> Directions
Find the line containing "Image 1 : Lightning" in the entries below. Reproduce that line and each one after it to the end, exactly, with no other lines.

--- Input records Enclosed Below ---

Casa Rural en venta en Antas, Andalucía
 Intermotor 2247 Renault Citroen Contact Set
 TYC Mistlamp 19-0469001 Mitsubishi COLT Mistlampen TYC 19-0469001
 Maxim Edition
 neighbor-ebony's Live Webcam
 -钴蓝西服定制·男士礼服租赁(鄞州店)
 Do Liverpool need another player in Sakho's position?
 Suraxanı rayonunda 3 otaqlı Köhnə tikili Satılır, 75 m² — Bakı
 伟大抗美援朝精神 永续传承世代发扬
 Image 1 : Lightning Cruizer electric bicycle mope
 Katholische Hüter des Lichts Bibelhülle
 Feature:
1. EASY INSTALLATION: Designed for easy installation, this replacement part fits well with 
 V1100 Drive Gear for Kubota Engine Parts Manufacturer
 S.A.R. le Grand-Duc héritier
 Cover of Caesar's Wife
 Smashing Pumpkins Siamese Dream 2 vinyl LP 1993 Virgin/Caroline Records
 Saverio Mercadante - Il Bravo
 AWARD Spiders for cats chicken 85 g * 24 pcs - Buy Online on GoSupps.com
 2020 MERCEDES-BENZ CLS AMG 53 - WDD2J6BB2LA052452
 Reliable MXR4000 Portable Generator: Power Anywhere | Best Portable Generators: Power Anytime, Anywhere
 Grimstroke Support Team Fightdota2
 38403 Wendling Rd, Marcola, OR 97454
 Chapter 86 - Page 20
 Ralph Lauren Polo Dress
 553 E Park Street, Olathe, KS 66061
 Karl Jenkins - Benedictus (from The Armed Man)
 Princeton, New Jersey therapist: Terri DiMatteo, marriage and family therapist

--- End of Enclosed Input records ---

> Solution for this exercise
 Image 1 : Lightning Cruizer electric bicycle mope
 Katholische Hüter des Lichts Bibelhülle
 Feature:
1. EASY INSTALLATION: Designed for easy installation, this replacement part fits well with 
 V1100 Drive Gear for Kubota Engine Parts Manufacturer
 S.A.R. le Grand-Duc héritier
 Cover of Caesar's Wife
 Smashing Pumpkins Siamese Dream 2 vinyl LP 1993 Virgin/Caroline Records
 Saverio Mercadante - Il Bravo
 AWARD Spiders for cats chicken 85 g * 24 pcs - Buy Online on GoSupps.com
 2020 MERCEDES-BENZ CLS AMG 53 - WDD2J6BB2LA052452
 Reliable MXR4000 Portable Generator: Power Anywhere | Best Portable Generators: Power Anytime, Anywhere
 Grimstroke Support Team Fightdota2
 38403 Wendling Rd, Marcola, OR 97454
 Chapter 86 - Page 20
 Ralph Lauren Polo Dress
 553 E Park Street, Olathe, KS 66061
 Karl Jenkins - Benedictus (from The Armed Man)
 Princeton, New Jersey therapist: Terri DiMatteo, marriage and family therapist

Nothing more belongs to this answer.